Given that I already derived the conserved current $J^{\mu}$ above in (5), I assume it is safe to interpret this as a sum over all types of fields present in our problem. Why can this be interpreted as a sum over all types of fields?
In the case of the symmetry that we are working with ($\phi \rightarrow e^{i\alpha}\phi$), apparently the $J^{\mu}_{0}$ term vanishes
$J^{\mu}_{0} = 0$
Why does $J^{\mu}_{0} = 0$ with a U(1) symmetry, but $J^{\mu}_{0} = \delta^{\mu}_{\nu}L$ with a translation symmetry $((\phi(x^{\mu}) \rightarrow \phi(x^{\mu}+a^{\mu}))$?

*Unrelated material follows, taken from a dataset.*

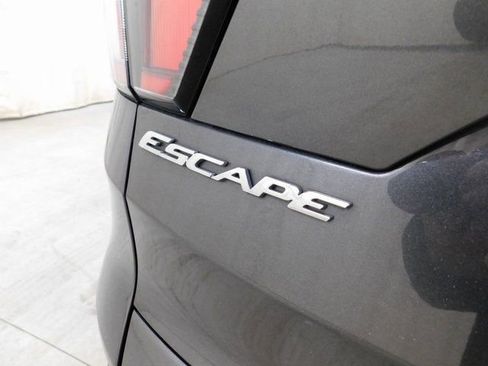 Used 2018 Ford Escape SEL image 12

In essence, my question is asking if (5) is supposed to be interpreted as a sum over all types of fields in the given Lagrangian and why it should be interpreted that way. I am also asking how to determine the $J^{\mu}_{0}$ term in (5) will be for different symmetries. In these examples, $J^{\mu}_{0}$ is zero for the U(1) symmetry and non-zero for the translation symmetry. In the translation symmetry, it leads to the energy-momentum tensor. I want to learn how to calculate the $J^{\mu}_{0}$ term for these situations and not rely on the text just giving me the condition.